While standards are studied by music majors and meticulously composed, it always comes down to heart for Gelb. His engagement with the form is primarily emotional, and Future Standards focuses on matters of the heart, exploring and imploding the concept of love in its romantic, brotherly, and cosmic variations, gently suggesting that in fevered times, love and similarly "impossible things" are worth examining. "You know you're kind a slow and sweet buffering/Sultry release/Of the suffering from what the world brings," he sings on "Impossible Thing." "Now how, my heart sings/My, oh, my/You're my impossible thing." 

"Did you see that movie La La Land?" Gelb asks. 

I begin thinking about popcorn again. 

"That movie is as good as my album is, meaning it wasn't great, but there's no other movie like it," Gelb says. "There's such a grand lack of competition in [films] these days that it makes it significant.

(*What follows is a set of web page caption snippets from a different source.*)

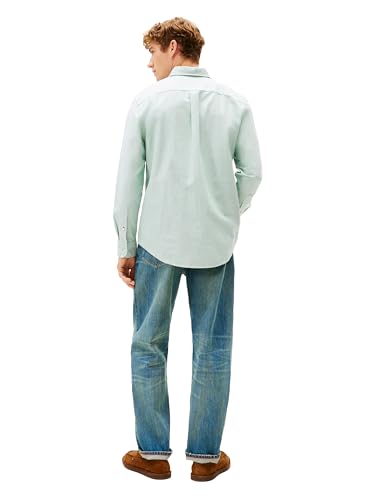 Image of Tommy Hilfiger Men's Long Sleeve Oxford Shirts in Regular Fit, Men's Button Down Shirts, Also Available in Big and Tall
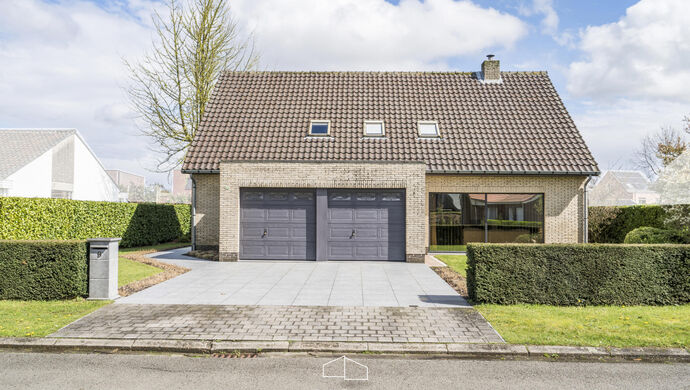 Charmant huis te koop in Hamme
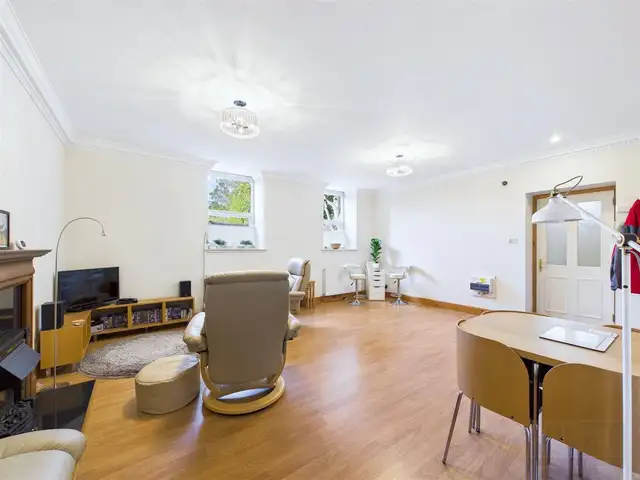 5 Woodside Hall, Woodside Avenue, Grantown on Spey, PH26 3JR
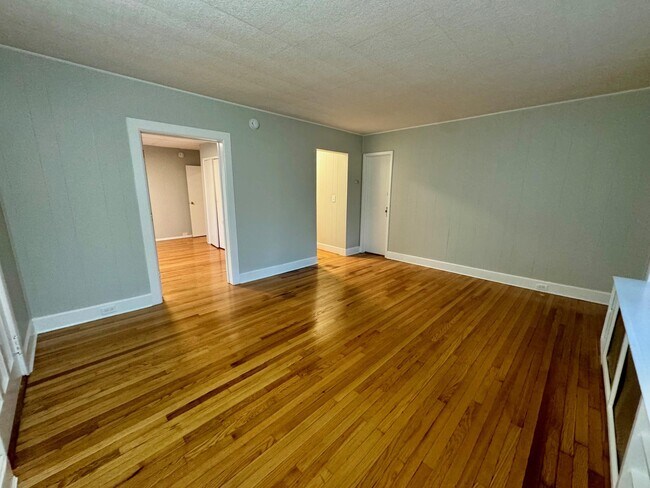 Foto del edificio - 315 Vincent Ave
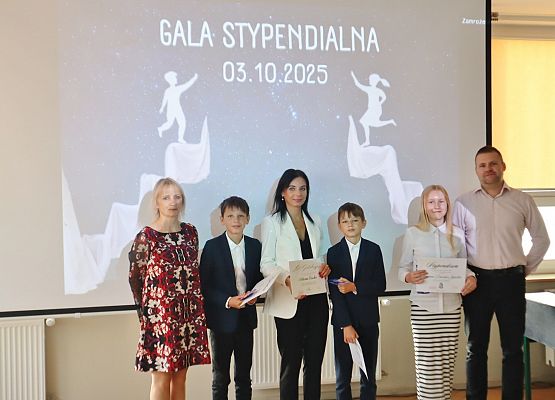 Uroczysta Gala Stypendialna SP w Redkowicach X 2025r.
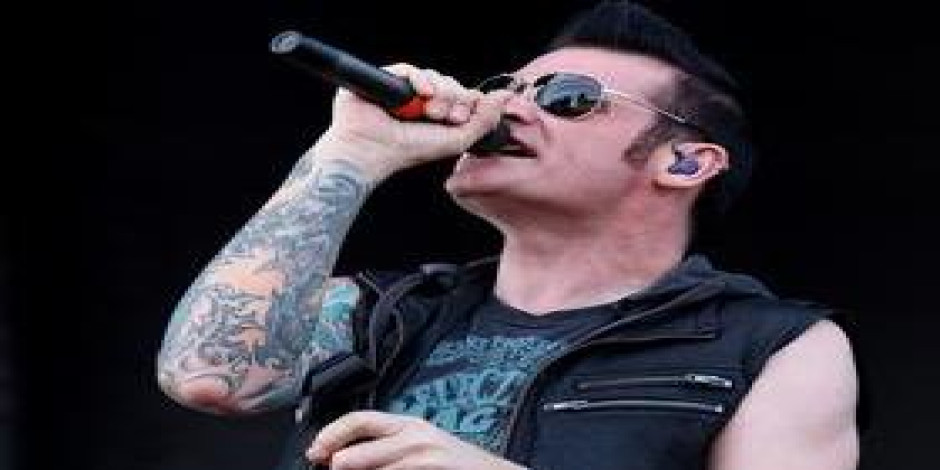 Hinder with Finger Eleven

At the very end of that movie—and this is often true of almost any film, there's always this part in the movie when the writer delivers that line that sums up the entire film, what you just sat through and why, a one-line thing. But in this movie, that comes with a knowing glance between both characters right before the credits. In that little knowing glance and that half-smile they both give each other..." Gelb's voice trails off.

"Well, you have to see it. But that sums up the impossible nature of love and how it infiltrates everything we do. No matter what age."